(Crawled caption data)
= Beginning of Section =

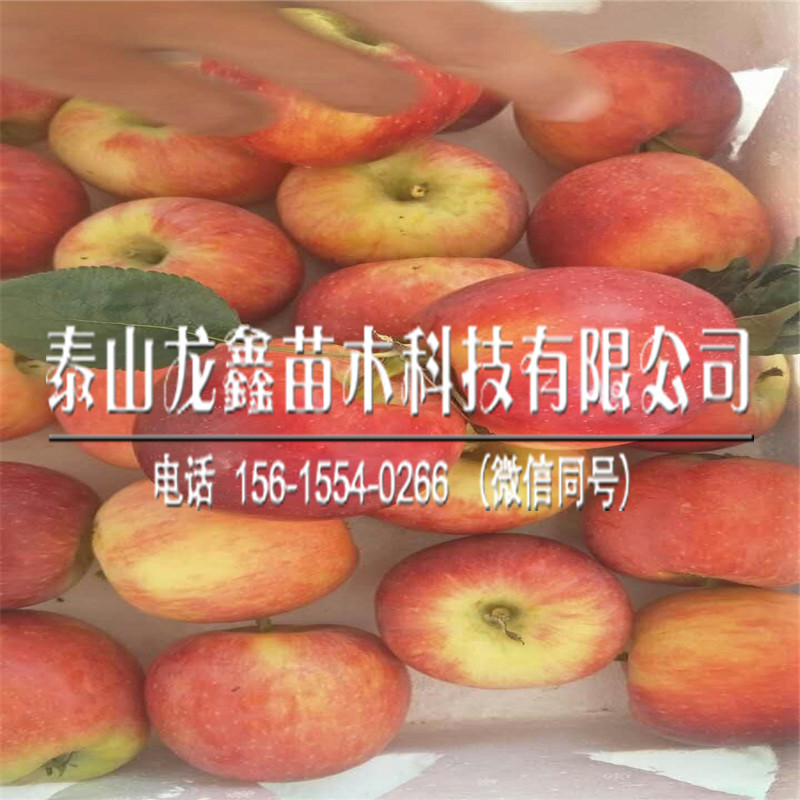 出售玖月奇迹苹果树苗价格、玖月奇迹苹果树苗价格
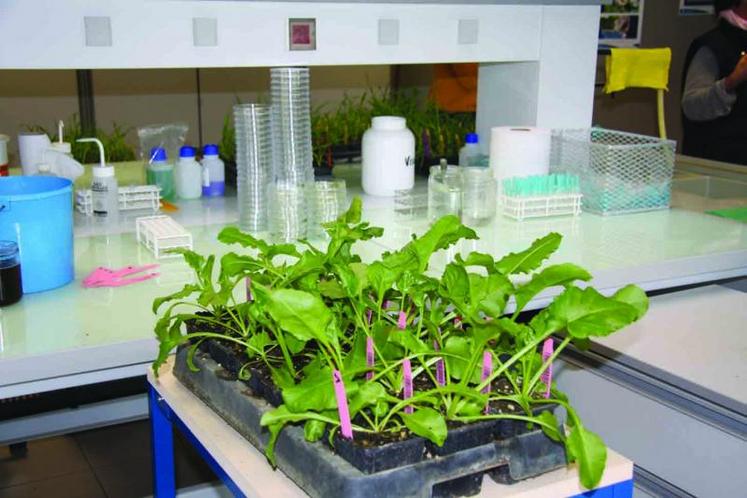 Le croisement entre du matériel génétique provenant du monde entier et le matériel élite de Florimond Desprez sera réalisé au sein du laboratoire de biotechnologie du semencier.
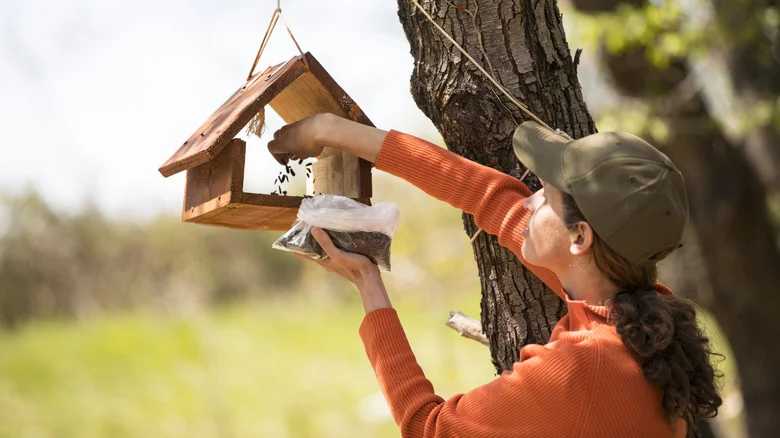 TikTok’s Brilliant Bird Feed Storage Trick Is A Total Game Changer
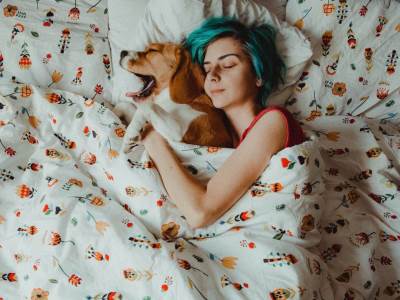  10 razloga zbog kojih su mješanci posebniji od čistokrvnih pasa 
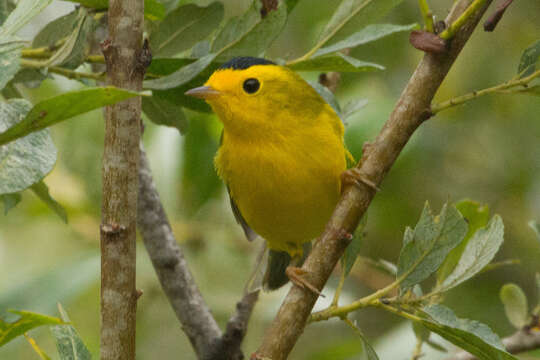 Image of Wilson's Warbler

= End of Section =

▶ _Instructions for the task_
Starting at the line with "TikTok’s Brilliant Bird", reproduce exactly each line through the end of the entries, including the first and the last, and skip the pictures.

▶ _Exercise output_
 TikTok’s Brilliant Bird Feed Storage Trick Is A Total Game Changer
  10 razloga zbog kojih su mješanci posebniji od čistokrvnih pasa 
 Image of Wilson's Warbler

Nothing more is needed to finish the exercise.